For sea stories, read the Stockwells’ logs on their Web site.

An entry on Dec. 30, 2005, as the couple made the seven-day run from Ft. Lauderdale, Fla., to Tortola in the Virgin Islands, reads in part:
“Melissa wakes me at 23:45 to get ready to take my watch at midnight. It’s still rough … I am barely awake when Melissa nervously tells me she has finally, for the first time in her life, been scared badly by lightning. In the black sky, she saw lots of lightning in the big storm clouds aft, during her watch. No big deal to her. Then, she saw a tremendous lightning strike between her and the clouds, out in the open where the entire monster could be clearly seen.”

Halfway to anchorage in Tortola, Buddy Stockwell was showing signs of fatigue from constant vigilance.

“ … more easily upset and scared, my mind begins to wander in directions that are not so good. As I take my watch at midnight, my mind is going negative on me within only a few minutes.

“ … you know boats are just plain trouble. You have to be crazy to buy a boat!
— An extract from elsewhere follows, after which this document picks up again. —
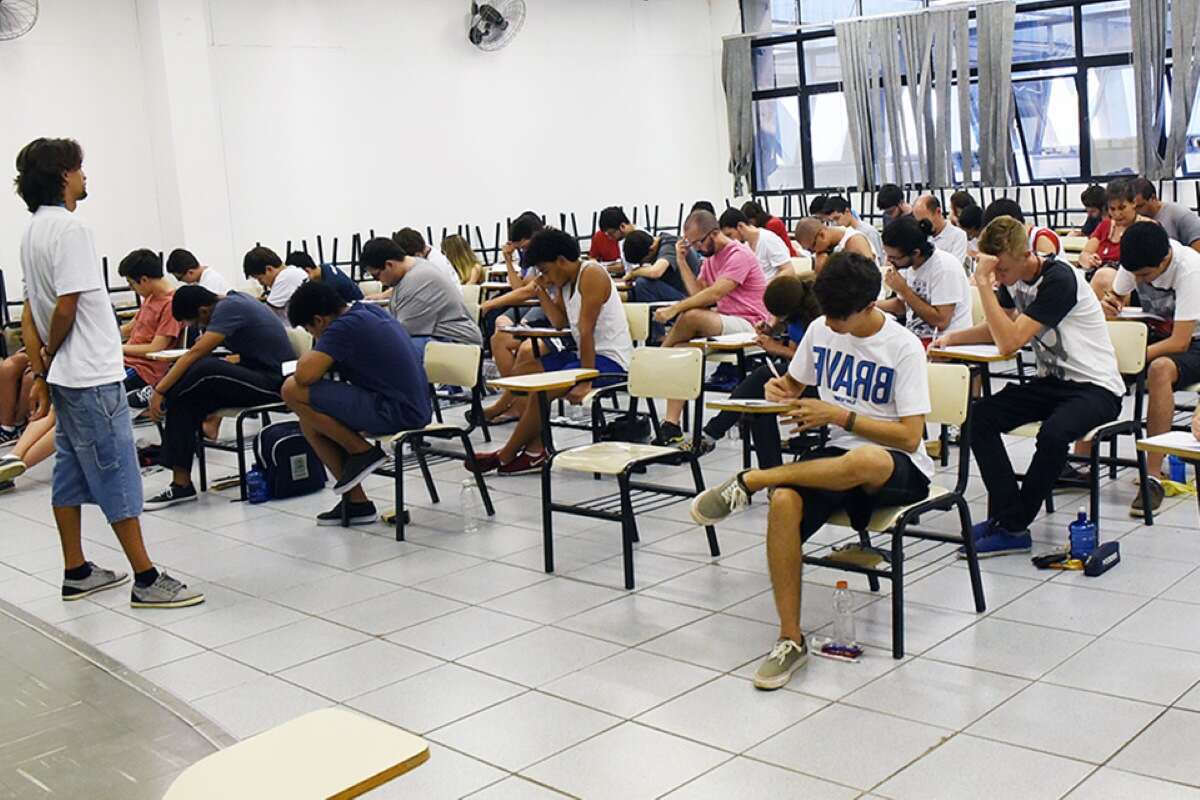 Cursinhos darão aulas a alunos prejudicados por fechamento do Exatas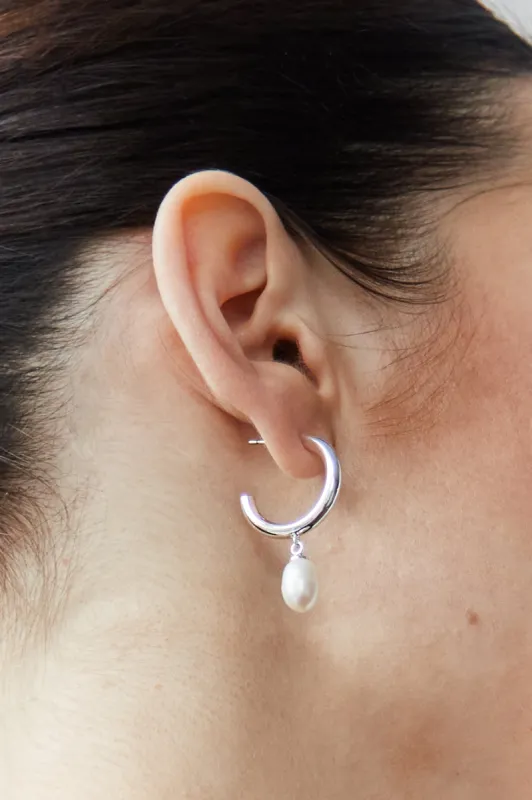 OPEN BACK HOOP WITH NATURAL PEARL sold by OAK AND FORT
Man, we had a really nice house in Baton Rouge! I could be sleeping in my king-size bed right now, all snug as a bug in a rug. Why are we doing this?”

Then, he remembers his destination in the Virgin Islands.

“Oh yeah, paradise in three more days … paradise in three more days.”

After their Baton Rouge visit, the Stockwells head for Venezuela for the rest of hurricane season.

“We need a place to run to,” Stockwell said.

The couple hopes to be in the Mediterranean in two years.

“The Greek Islands would be a major milestone,” Stockwell said.

She and her husband have weathered storms inside the boat as well as outside, Melissa said.

“You can’t hold a grudge too long on a boat,” she said.

Buddy is the skipper, Melissa said, but her captain’s license and time at the helm give her the confidence many cruising wives lack.

“You hear horror stories,” Buddy said. “Men having heart attacks. There’s one about a woman who sailed for three days with her husband hanging from the mast.”

“Well, first thing,” Melissa said, “I’d get you off the mast.”